Will you output all of the data below exactly, omitting the images?

▶ [Available data]

-=-=-=-=-

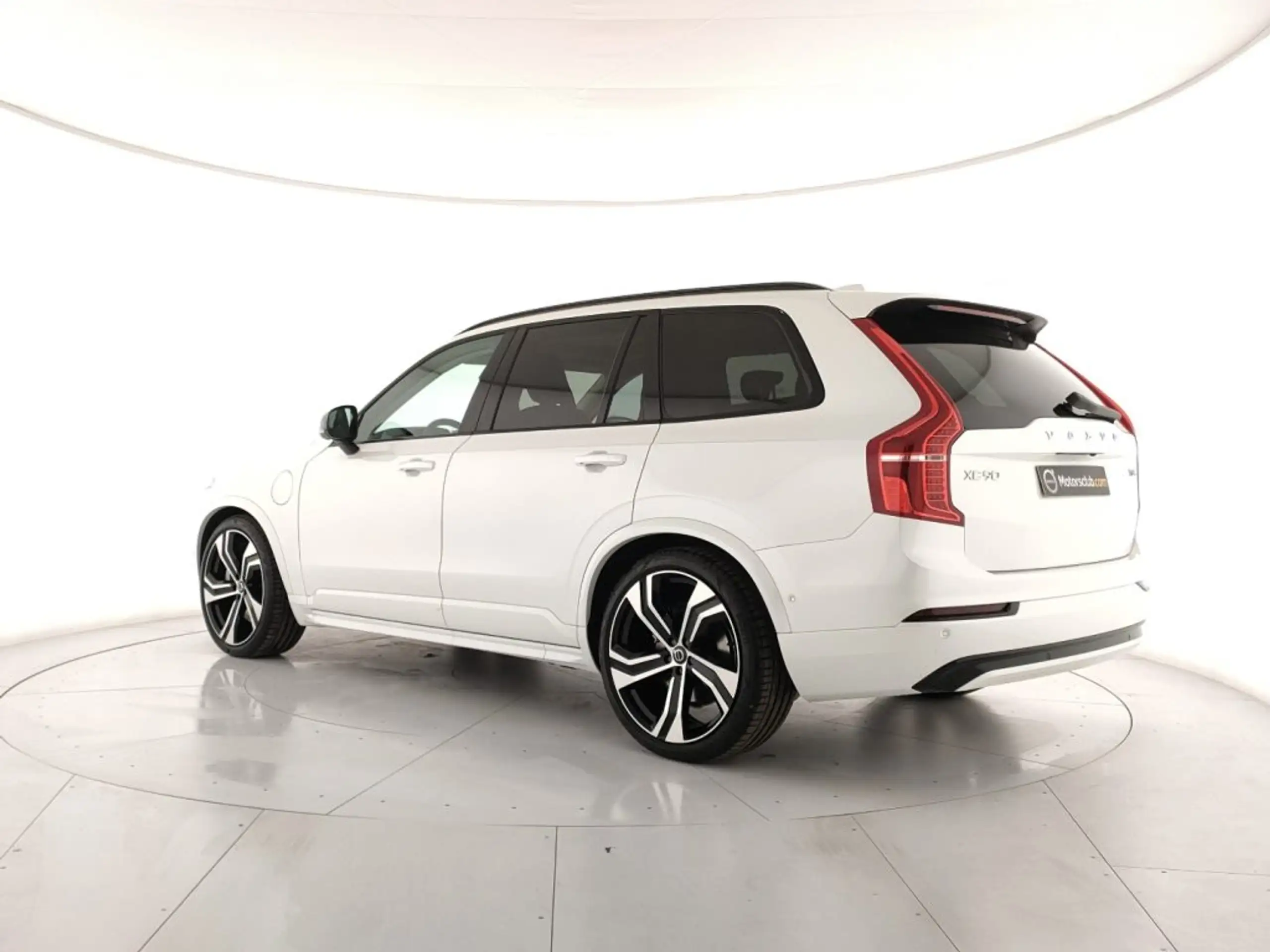 Volvo - XC90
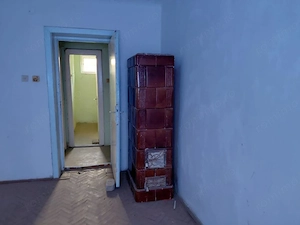 Apartament 4 camere decomandate pentru renovare  in Peregu Mare- - imagine 5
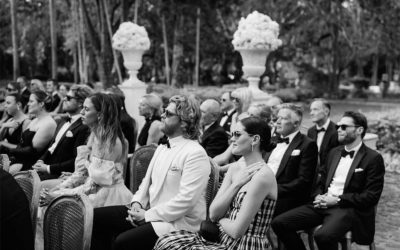 Guía de códigos de vestimenta para invitados: qué significa realmente cada dress code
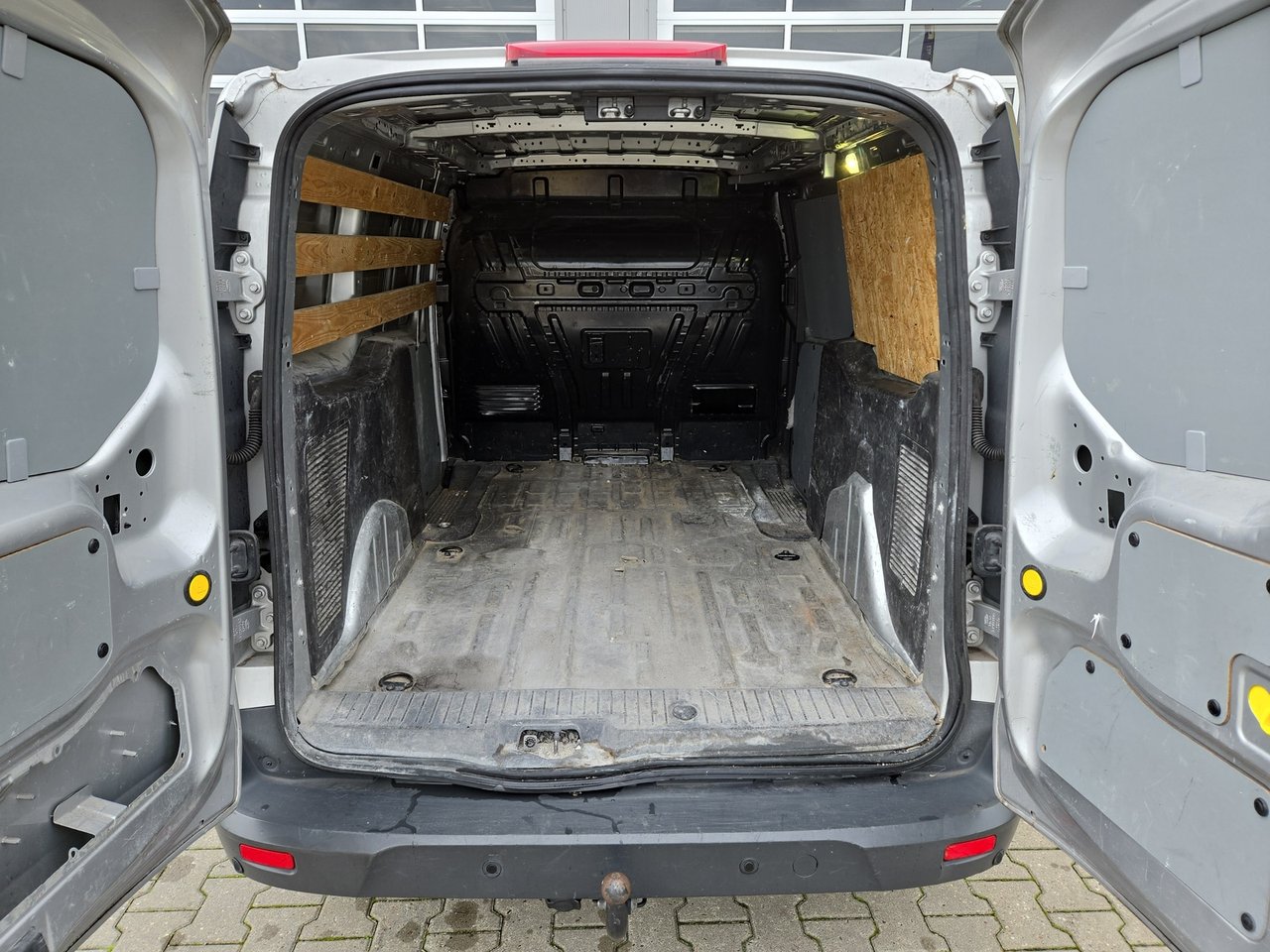Ford Transit Connect 1.5 TDCI L2 Trend 2018 – foto 9 – kavel bij BAS World Auctions, Veghel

-=-=-=-=-

▶ [Exercise solution]
 Volvo - XC90
 Apartament 4 camere decomandate pentru renovare  in Peregu Mare- - imagine 5
 Guía de códigos de vestimenta para invitados: qué significa realmente cada dress code
Ford Transit Connect 1.5 TDCI L2 Trend 2018 – foto 9 – kavel bij BAS World Auctions, Veghel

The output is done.